Re: [ol-tech] Yet Another FRBR Schema (was Bulk Download and Request) - Part 3

Jonathan Rochkind Wed, 15 Dec 2010 15:39:20 -0800

I agree with the principles you lay down in general, agree with your liking of 
FRBR, and agree we should not neccesarily be bound by what libraries have 
always done, especially when working in a domain where compatibiilty with 
library legacy data is not important (up to OL whether OL is such a domain, but 
it's reasonable to decide it is).

But I don't think it's true that an association (or other collective body) can 
not author a document. 

If a document is put out in the name of an association (or other collective 
body), has no individual names on it, and nobody knows who wrote it --- does it 
not make sense to treat it as authored by the collective body?  I suggest that 
most users would in fact consider it authored by the collective body. Sure, you 
COULD, in theory, try to do some sleuthing to figure out the (say) PR flacks or 
congressional staffers (another good example -- is not a Congressional bill 
authored by the U.S Congress, a collective body?) who actually authored it. 
Maybe you'll even manage to figure it out.  Is it worth it to meet any actual 
user needs?  Even if you do figure it out -- sure, it might be useful to _add_ 
the names of the actual real humans who authored it as additional information. 
But you _still_ wouldn't want to _remove_ the collective body as an 
author/creator, it would be a confusing dis-service to the user -- who might, 
for instance, be confused about if your record represented the same thing they 
had in their hands, which mentioned a collective body as an author and didn't 
mention the individuals you tracked down. 

Another example would be a musical album by a musical band (or a recording from 
a symphonic orchestra). Sure, you COULD track down the names of the individuals 
in the band. (or the 120 or however many performers in a symphonic orchestra!). 
And it wouldn't _hurt_ to list them too, if someone actually wanted to spend 
the time looking them up.  But most people are going to think of that work as 
_by_ The Beatles or The Chicago Symphony Orchestra, it does them no service to 
argue otherwise because only individual people (seperately or in concert) can 
actually author anything. 

ALL models are just approximations of reality.  You pick the approximation of 
reality that works for what you're doing -- which in part is creating systems 
that hopefully match most of your users own internal mental models. (Which I 
still insist, for most Americans anyway, most definitely includes the notion 
that works can be authored by collective bodies).  The map is not the 
territory, the menu is not the meal. 
________________________________________
From: [email protected] [[email protected]] On Behalf Of 
Lee Passey [[email protected]]
Sent: Wednesday, December 15, 2010 6:08 PM
To: Open Library -- technical discussion
Subject: Re: [ol-tech] Yet Another FRBR Schema (was Bulk Download and Request) 
- Part 3

On Tue, December 14, 2010 1:34 pm, Karen Coyle wrote:

> Quoting Lee Passey <[email protected]>:
>
>> But even if you limit the definition of the word "agent" to be
>> synonymous with "actor" (e.g. one who acts), it really can't
>> encompass those entities who are "NotAPerson."  The 9/11
>> Commission did not write the "9/11 Commission Report";
>> one or more individual members of the Commission, or their staff,
>> were the true creators. The commission as a whole is /responsible/ f
>> or the document, but it did not act to /create/ it.
>
> You can take that view, but the library cataloging view is that the
> corporate entity is the creator. So libraries would have no problem
> using Agent for corporate bodies. I realize that this is a stretch,
> but I've gotten used to it.

Ahh, now we get to the real philosophical underpinnings of FRBR.
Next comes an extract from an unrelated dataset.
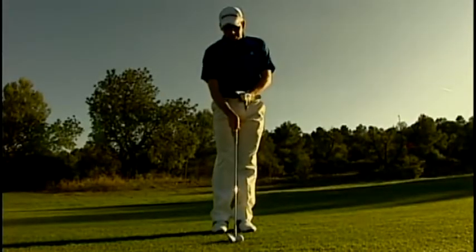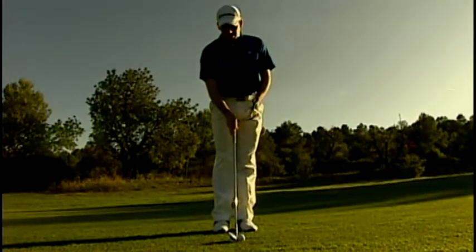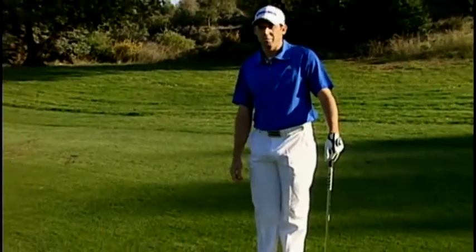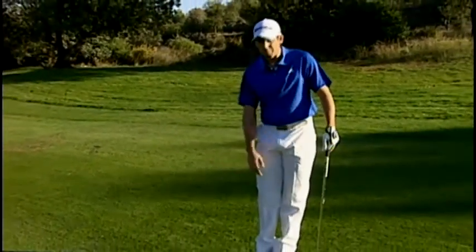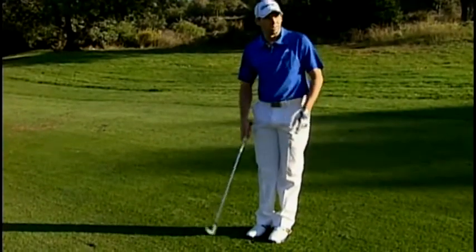A couple of things we're going to do differently from a driver. We're going to put the ball back in the stance a little bit with the irons, not so much on the left heel, then just keep a nice good balance on it, good rhythm, and then we're going to hit a little bit more down on the ball, try to get ball first and then a little bit of a divot.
Back in my halcyon days as a programmer, I would often get asked to "take this
manual/paper system and automate it." The expectation, unfortunately, was
usually to build an electronic clone of the manual system, when usually the
/right/ solution was to create a new system, more attuned to the electronic
environment, that solved the users' problems in novel, and typically more
efficient ways.

I am still amused (in a snarky, derisive kind of way) by people who talk about
making e-book cookbooks. In fact, the reason most people use cookbooks is as a
way to store and retrieve recipes. In other words, what they really want is a
recipe database; we are only used to cookbooks because 20 years ago a book was
the only practical way to build a dedicated database system that could be used
in a home.

These days, even though I own a whole bookcase full of cookbooks, when I need
a recipe the first place I go is http://epicurious.com. Epicurious now has a
really fantastic app for smartphones to search for recipes. As the Internet
generation grows, the cookbook (at least the cookbooks that are recipe
collections as opposed to those that tell a story like "The French Laundry
Cookbook"), will probably be the first class of paper books to go "out of
print."

I /really/ like the FRBR model. It seems to me that what the IFLA did in this
case was to take a big step back from the model of writing information on 3x5
cards which were then stored in drawers, and said: "What are the various
abstractions of instances of works of literature, and how to they relate to
each other? Can we build an Automated Data Processing (ADP) infrastructure
that represents these relationships and provides traditional catalog access
/without regard to how this catalog access has been implemented in the past/?"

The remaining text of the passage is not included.